**Input data**
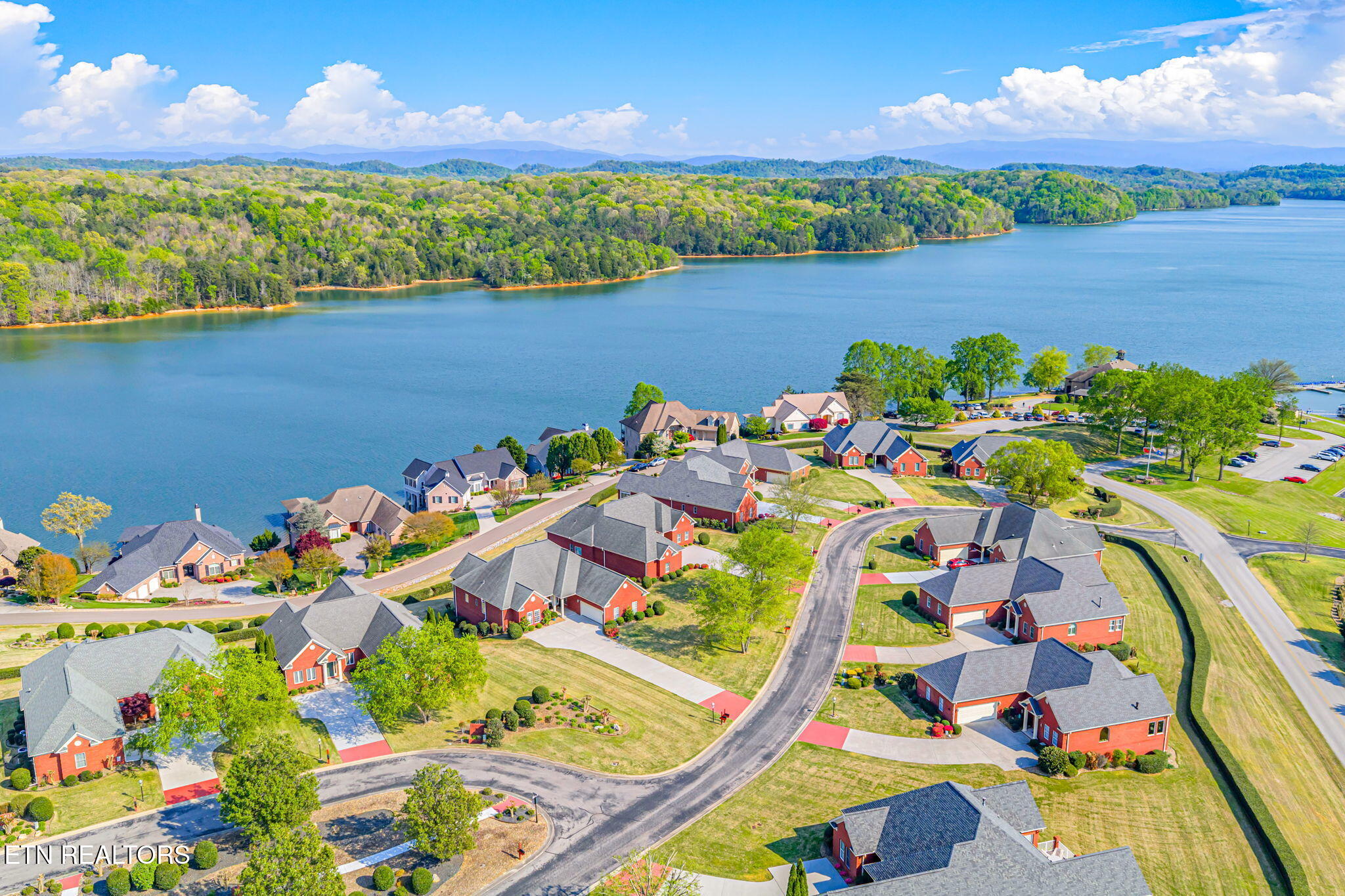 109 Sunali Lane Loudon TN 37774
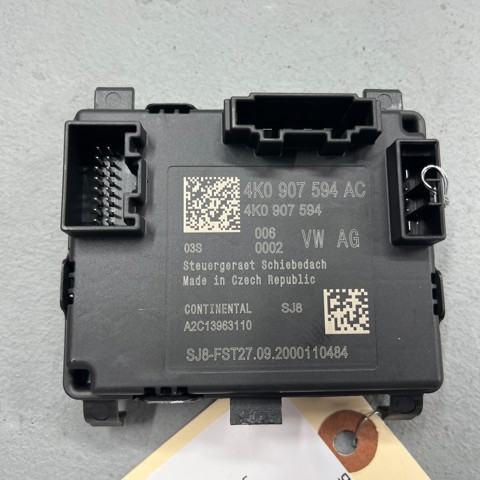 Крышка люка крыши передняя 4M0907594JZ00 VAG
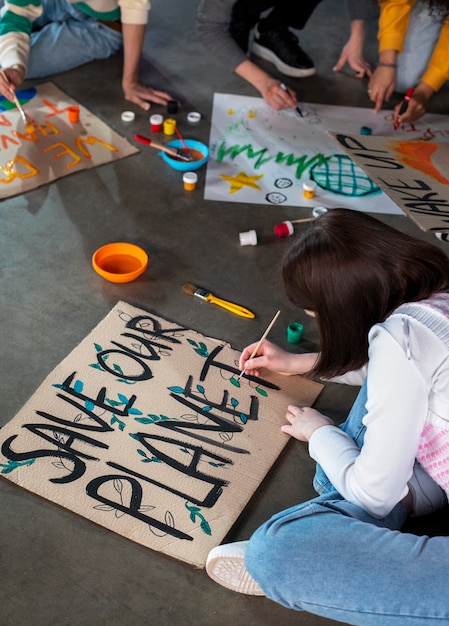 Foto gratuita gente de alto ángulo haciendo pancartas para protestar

**Task item**
When you repeat the listing, keep it exact and leave the pictures behind.

**Completed task**
 109 Sunali Lane Loudon TN 37774
 Крышка люка крыши передняя 4M0907594JZ00 VAG
 Foto gratuita gente de alto ángulo haciendo pancartas para protestar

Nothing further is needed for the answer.